Tuesday, August 9, 2022

North Carolina may allow alcoholic drinks for takeaway and delivery [Free read]

Alcoholic beverages to-go could be allowed for the duration of North Carolina’s State of Emergency. (Port City Daily photo / File)

RALEIGH — North Carolina restaurants could join other cities and states in allowing for the limited takeout and delivery of alcoholic drinks if Republicans in the general assembly reconcile differences between the House and Senate versions of the Pandemic Response Act.

The Pandemic Response Act was one of the first bills tackled by the General Assembly when it returned to session earlier this week, with both the House and Senate proposing versions. A proposed committee substitute version of the House response act (HB 1043) now includes a provision to allow these sales, with several caveats, including requiring food purchases and limiting the number of drinks. The House bill passed 117-1 Thursday afternoon.

The provision would authorize ABC Commission Chairman A.D. ‘Zander’ Guy, Jr. to permit restaurants to “engage in retail sales for consumption off the premises, including delivery by the permittee or the permittee’s employees or independent contractors.” In other words, in addition to takeout drinks, restaurant employees and third-party delivery services like Uber Eats, Cape Fear Delivery, and others would be allowed to deliver the drinks.

The bill would allow additional requirements to be added by the ABC Chairman, but stipulates “at least” the following regulations:

  • Beverage must be “packaged in a container with a secure lid or cap and in a manner designed to prevent consumption without the removal of the lid or cap”
  • Sold only with food
  • Limited to two servings per meal or food item ordered

Allowing alcoholic drinks for takeaway and delivery would be temporary; the new regulations would expire when Governor Roy Cooper’s State of Emergency under Executive Order 116 ends or is rescinded.

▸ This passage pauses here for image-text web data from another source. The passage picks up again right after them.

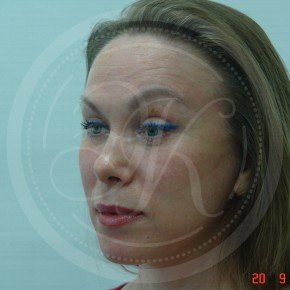 Тотальный эндоскопичесекий лифтинг лица, Три четверти, фото После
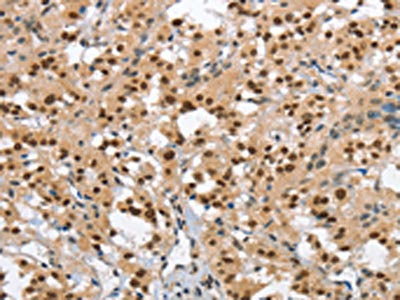 The image on the left is immunohistochemistry of paraffin-embedded Human thyroid cancer tissue using CSB-PA291895(GTF2I Antibody) at dilution 1/40, on the right is treated with synthetic peptide. (Original magnification: ×200)
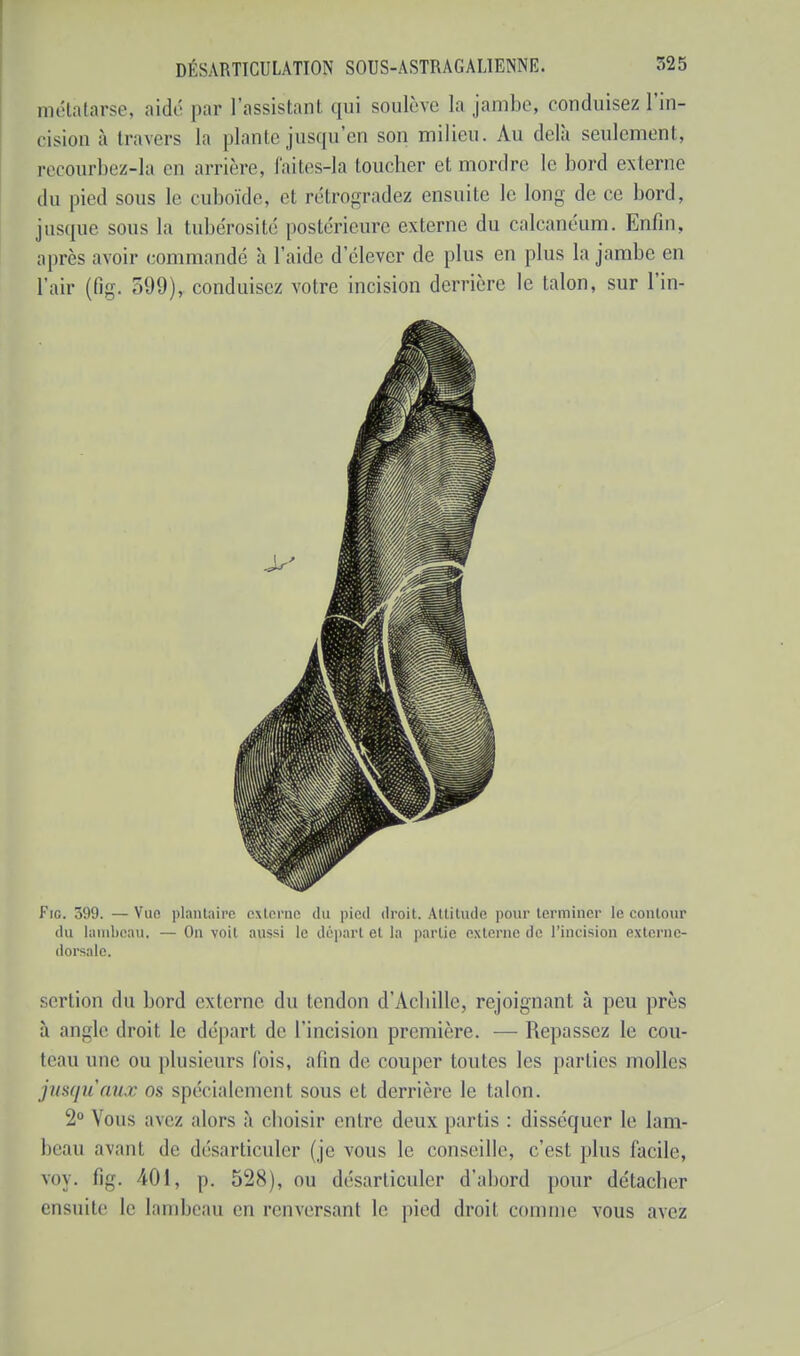 métatarse, aidé par l'assistant qui soulève la jambe, conduisez l'in- cision à travers la plante jusqu'en son milieu. Au delà seulement, recourbez-la en arrière, faites-la toucher et mordre le bord externe du pied sous le cuboïde, et rétrogradez ensuite le long de ce bord, jusque sous la tubérosité postérieure externe du calcanéum. Enfin, après avoir commandé h l'aide d'élever de plus en plus la jambe en l'air (6g. 599), conduisez votre incision derrière le talon, sur l'in- Fig. 399.—Vue plantaire externe du pied droit. Attitude pour terminer le contour du lambeau. — On voit aussi le départ et la partie externe de l'incision externe- dorsale. sertion du bord externe du tendon d'Achille, rejoignant à peu près à angle droit le départ de l'incision première. — Repassez le cou- teau une ou plusieurs fois, afin de couper toutes les parties molles jusqu'aux os spécialement sous et derrière le talon. 2° Vous avez alors â choisir entre deux partis : disséquer le lam- beau avant de désarticuler (je vous le conseille, c'est plus facile, voy. 6g. 401, p. 528), ou désarticuler d'abord pour détacher ensuite le lambeau en renversant le pied droit comme vous avez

According to State Senator Jay Chaudhuri, the Senate Democratic Whip, the provision in the House version of the bill might not end up in the final Pandemic Response Act. Chaudhuri presented a similar amendment to the Senate version (SB 704) but it was “displaced,” that is, withdrawn for discussion.

Now, Chaudhuri said, it’s up to Republicans, adding that if business owners and residents want to see the provision make it into the final bill, now is the time to contact their elected officials.

“The Republican Senate leadership will now have to sort out its differences with the Republican House bill that’s being voted on today. The House bill contains the mixed drinks delivery provision. If bars and restaurant owners across the state want to see this provision included in the final relief bill, they need to contact and lobby their State Senators,” Chaudhuri said.

Chaudhuri said he’s been thinking about allowing delivery drinks since the shutdown occurred over a month ago, adding that he’s seen similar moves in both right-leaning and left-leaning states.

“I first came up with the idea pretty soon after the shut down occurred. I realized a lot of my favorites bars and restaurants were taking it on the chin financially. The idea of delivering mixed drinks would inject much-needed cash for these businesses. Plus, a lot of other red and blue states have done so. My colleague Senator Harper Peterson, a bar owner himself, reminds me of the need to do so right here in North Carolina,” Chaudhuri said.